Érase una vez un lugar en el planeta Tierra donde habitaban todas las emociones juntas.

Érase una vez un paraíso natural con forma de isla donde las estrellas sonreían mientras las auroras boreales bailaban, donde los colores del viento se percibían destellantes cuando éste se enfurecía, donde se escuchaban las voces de las montañas, tiernas voces, emitidas cuidadosamente por unos seres mágicos en forma de piedras, mientras el sonido que dejaba el silencio alimentaba la paz y las piedras tomaban vida.

Érase una vez un lugar en el que la melodía de cada gota de agua en el descenso de imparables cascadas, provocaban el llanto de los glaciares en su deshielo, poderosas melodías, como las que acompañaron a nueve personas que durante once días se convirtieron en familia: la paloma islandesa.

Érase una vez un lugar del Universo donde el sol brillaba y, al amanecer, rebosaba de felicidad por comenzar un nuevo día, disfrutando cuan niño pequeño con su juguete preferido para esconderse cansado, al atardecer, por haber vivido un torrente de energía durante el día y en una perfecta convivencia con la lluvia, la nieve y el viento. Cuando el sol cerraba los ojos para renovar energías, llegado el ocaso, abatido de tantas risas daba vida a la luna, que con la protección de su aureola iluminaba en la oscuridad lagunas y valles sigilosamente.
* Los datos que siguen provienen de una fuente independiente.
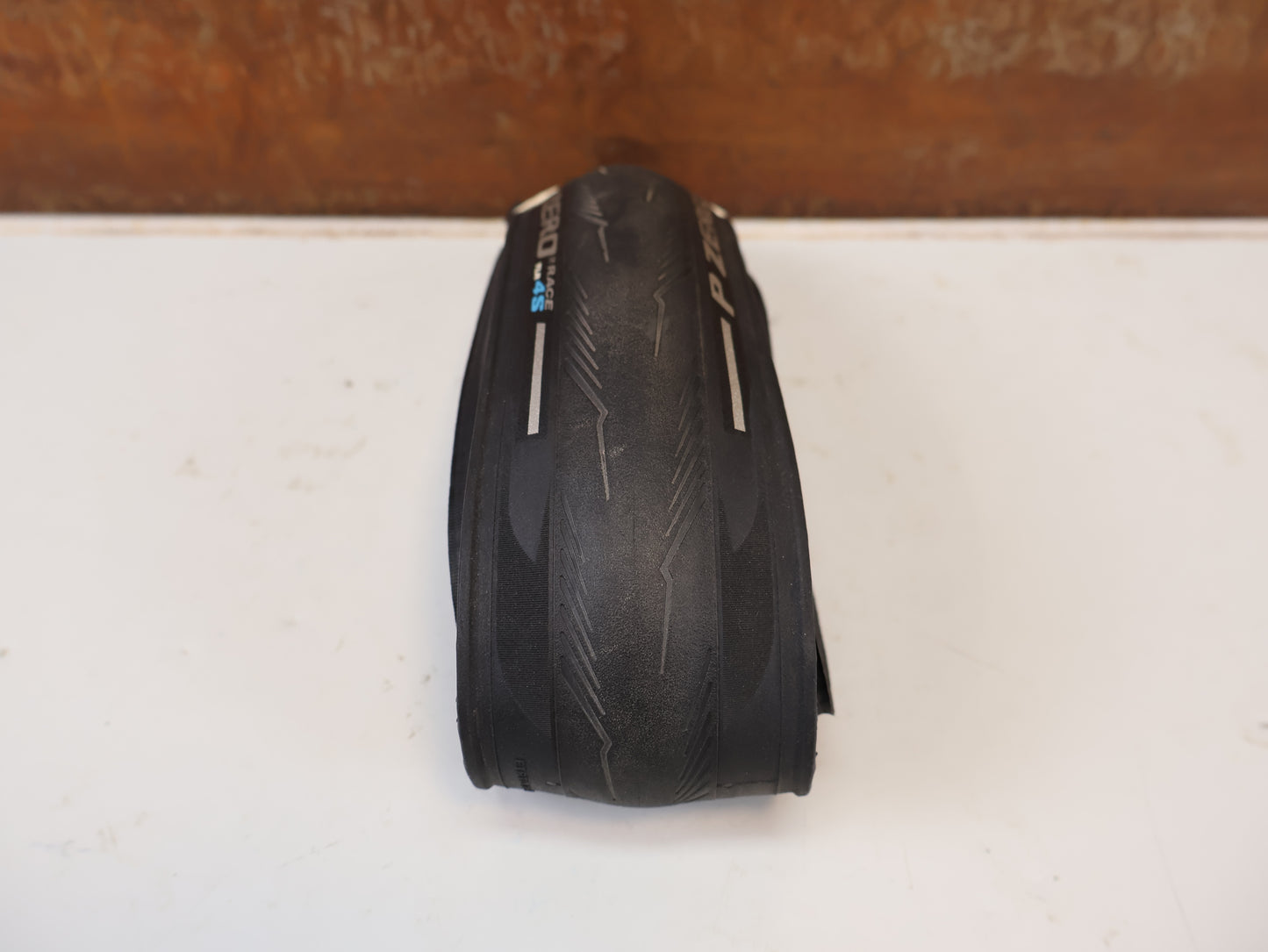PIRELLI P ZERO RACE 4S TLR 700X30C FALTREIFEN TUBELESS READY SCHWARZ / 30-622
El viento silbaba salvaje, las rocas, aunque molestas por la luz, se sostenían firmes ante la adversidad, los ríos se deslizaban provocando, en ocasiones, el espectro de colores que sostenía el arco iris sobre el que se dibujaba el pentagrama de notas musicales, el sol atardecía entre sus mares y valles, y los pajaritos rezagados, con sus polluelos, contemplaban el sol de cara dejando atrás las sombras, felices ante el brillo de la luz tan especial que les ofrecía el día en la parte sur de la isla.

Érase una vez un mágico lugar donde la tierra palpitaba y respiraba en forma de volcanes, donde a través de fumarolas y lava hirviente desahogaba su corazón, donde el latido de los geyser cada pocos minutos provocaba lágrimas de emoción.

Un lugar vivo, donde existía una perfecta convergencia del crujir misterioso de la nieve helada, en una encrucijada con el fuego ardiente, que agarrando por bandera el amor, calmaba la frialdad del hielo.

Érase una vez un hermoso y bello lugar, un inolvidable lugar, donde todas las emociones convivían al mismo tiempo, donde los mejores regalos se llamaron “momentos”, de esos que no se compran, que si se buscan no se encuentran, de esos que se viven y se sienten, que son indescriptibles con palabras y se sienten con el corazón, de los que hacen sonreír mimetizándote con las sonrisas de las estrellas, te provocan escalofríos en la piel como el hielo al percibir los colores del viento,  te mantienen atenta ante la voz cariñosa de las montañas y despiertan lágrimas de emoción ante la banda sonora de imparables cascadas, momentos mágicos regalados por la fuerza imparable de la naturaleza, que de una forma tan gratuita me regaló Islandia.